Hastaların hepsine yüksek akımlı oksijen verilmeli, gerekirse mekanik ventilatörler kullanılmalıdır. Kesin ölüm belirtileri (çürüme, ölüm katılığı v.b. ) belirtilerin olmadığı tüm durumlarda resüsitasyona başlanmalıdır. 60 dakikadan daha uzun süre su altında kalmış kişilerde, nörolojik sağkalım bildirilmiştir. Resüsitasyon sırasında ve özellikle sonrasında alveoler kollaps riskine karşı PEEP düşünülmelidir.

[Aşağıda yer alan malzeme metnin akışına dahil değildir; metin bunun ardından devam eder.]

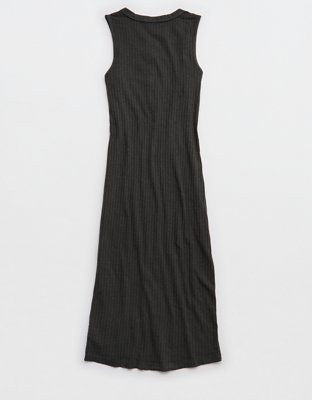 Aerie Henley Bodycon Dress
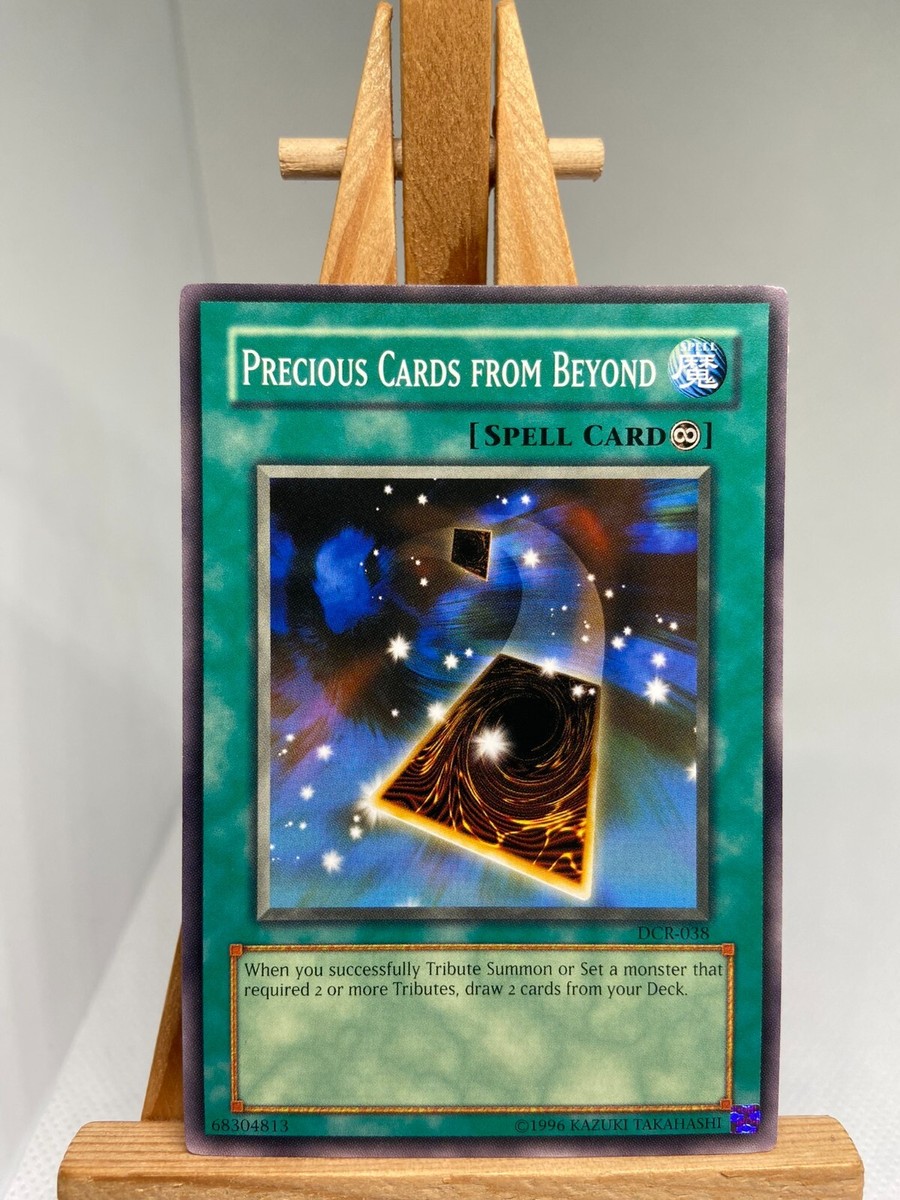 yugioh precious cards from beyond Yu-Gi-Oh! - (DCR-038) - Dark Crisis - Unlimited Edition You can pay 1200 LP Precious Cards From Beyond -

Submersiyona maruz kalan kazazede, eğer su soğukluğu < 5°C ise, hızlı bir şekilde gelişen primer hipotermi, hipoksiye karşı bir miktar koruma sağlayabilir. Boğulma sonrası nörolojik sonucu iyileştirmek için, Barbitüratlar, Steroidler, İntrakranial basınç (İKB) monitörü kullanılabilir. Bunların sonucu değiştirdiği gösterilmemiştir ancak, yükselmiş İKB ağır serebral hasarı yansıtır.